🤖 AI Summary
This study addresses the challenge of reliably comparing small-area estimation models in subnational public health surveillance, where data sparsity and the absence of ground truth hinder evaluation. The authors propose a cross-validation framework tailored to complex survey designs that decomposes cross-validated squared error into identifiable bias and non-identifiable components, providing bounds for the latter. This approach enables model-free, robust comparisons between area-level and unit-level models at the regional scale. Theoretical analysis and simulations demonstrate that conventional leave-one-area-out cross-validation often yields misleading model rankings, whereas the proposed method substantially improves comparison reliability. The framework is successfully applied to spatial mapping of female literacy rates in Zambia, showcasing its practical utility in real-world settings.
📝 Abstract
Subnational monitoring of public health often relies on household surveys where data are sparse at the desired spatial resolution.
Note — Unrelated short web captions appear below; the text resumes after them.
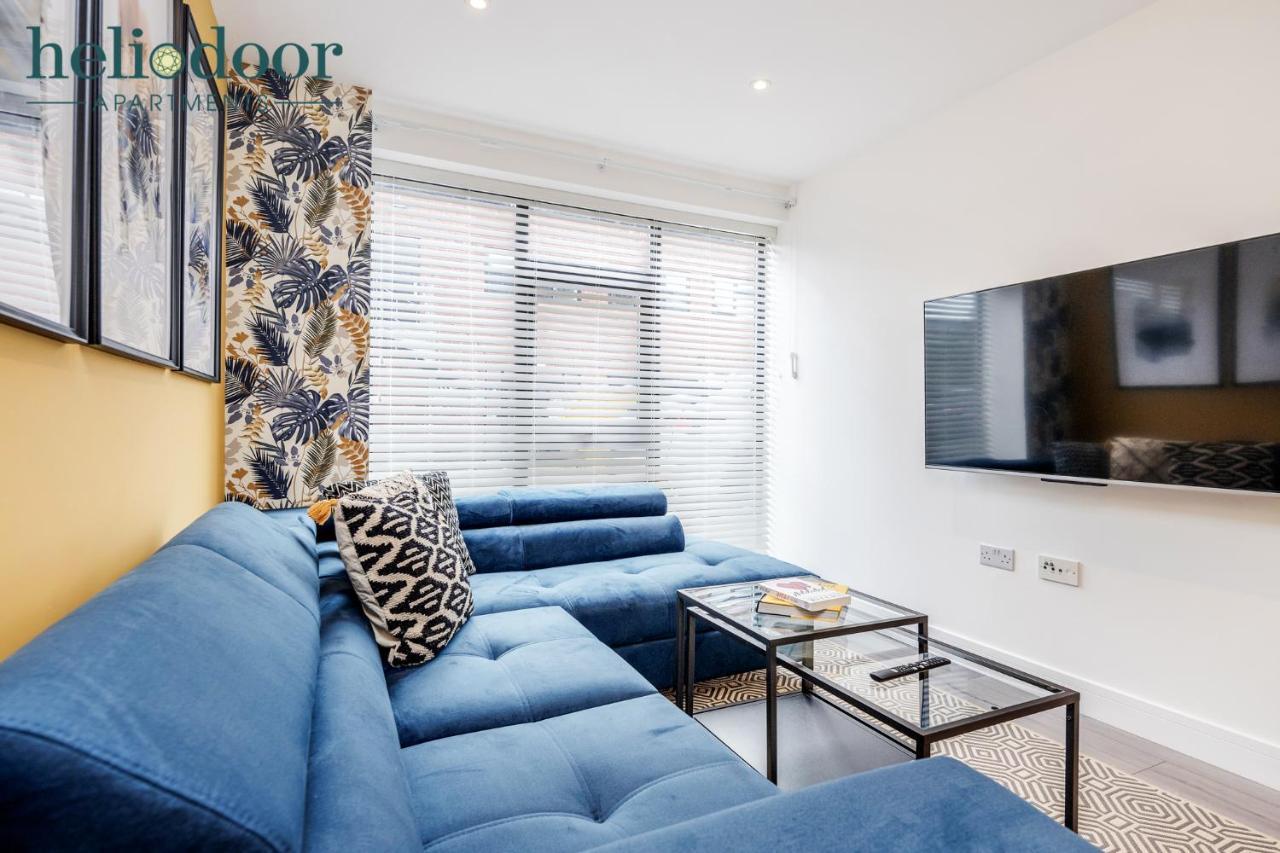 Apartments, Sleeps Up To 5, Free Parking, Free Wifi & Movies, 7 Mins Drive To Central Station For Direct Trains To London & The North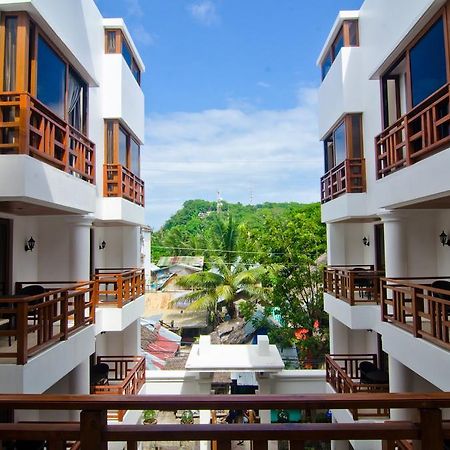 Giulius Boracay Italian Resort Balabag  Exterior photo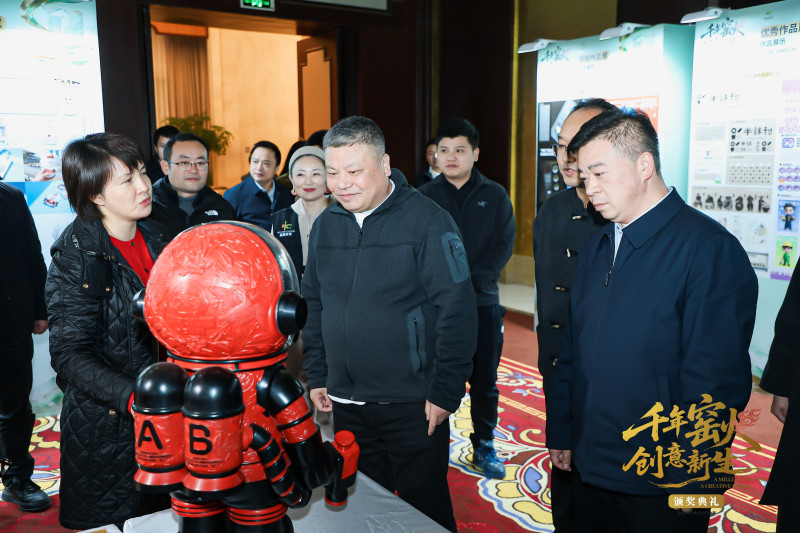 活动开始前，陈刚一行参观评委名家特邀作品暨大赛成果专题展。 均为长沙晚报全媒体记者盛磊摄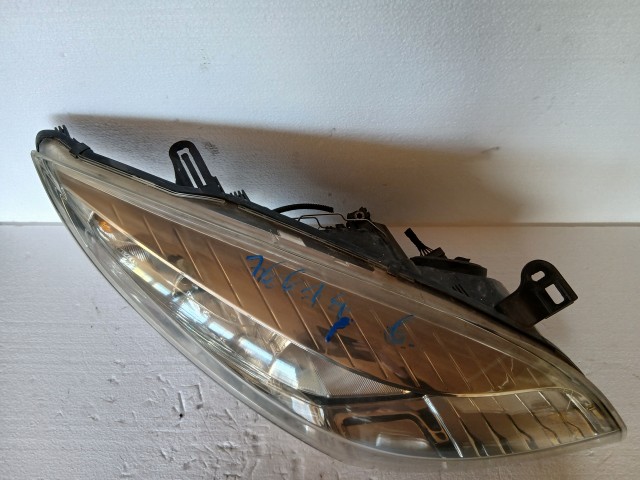 16614 Renault Megane III. Jobb első Lámpa Fényszóró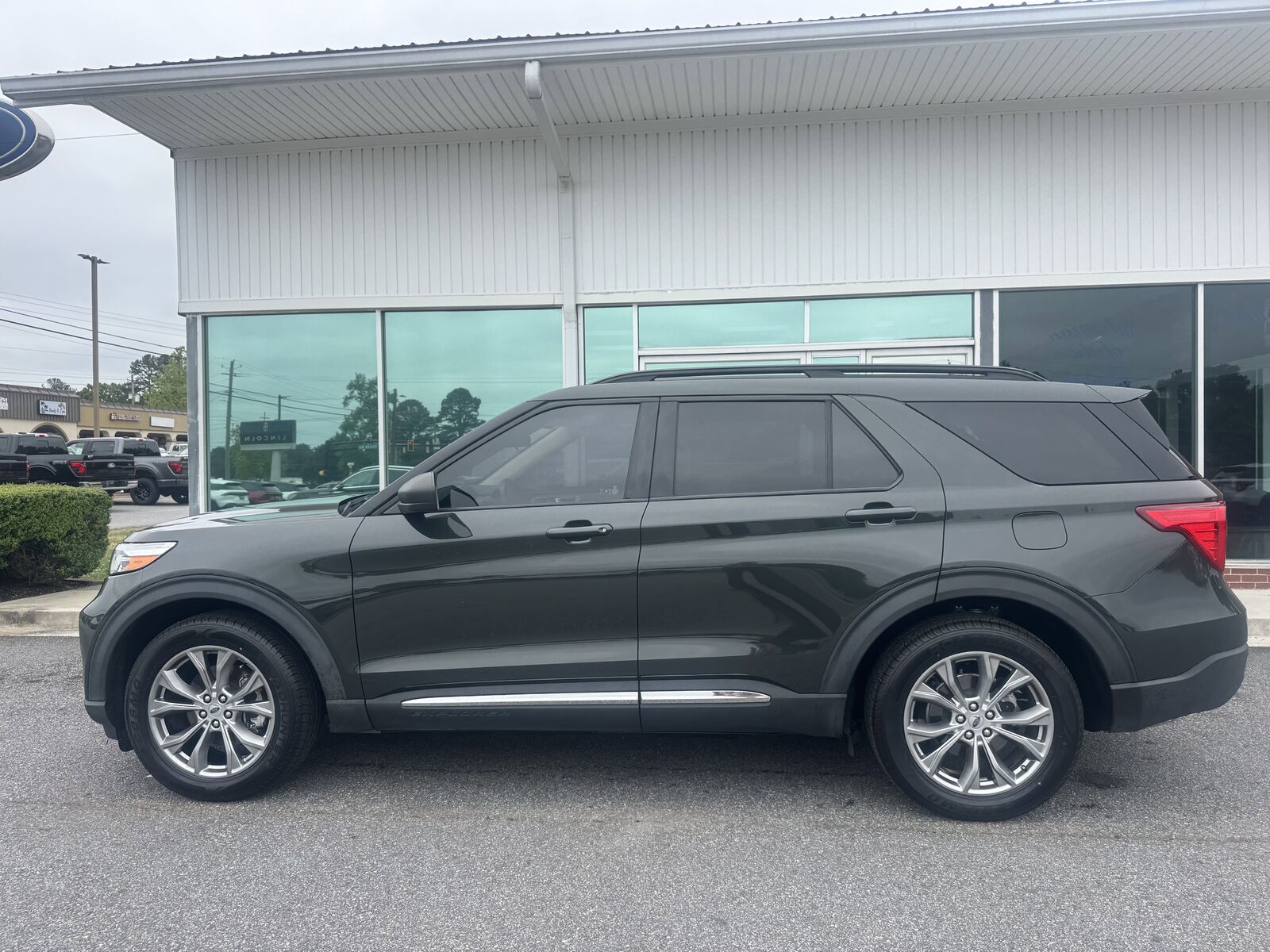 2022 FORD Explorer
Small area estimation (SAE) methods address this challenge by borrowing strength across areas and incorporating auxiliary information. However, comparing these estimators remains difficult in the absence of ground truth. We propose a cross-validation framework for evaluating small area estimators that accommodates complex survey designs. Our approach enables model-agnostic comparisons between area-level and unit-level models. Central to our framework is a decomposition of the cross-validated squared error in the context of SAE, which reveals both identifiable bias and unidentifiable components that can be bounded. Our theoretical results and simulation studies show that conventional approaches, such as leave-one-area-out cross-validation, can yield misleading model rankings, whereas the proposed approach offers more robust and interpretable model comparison with uncertainty quantification. We demonstrate the procedure for comparing SAE models for mapping the female literacy rate using Demographic and Health Surveys from Zambia.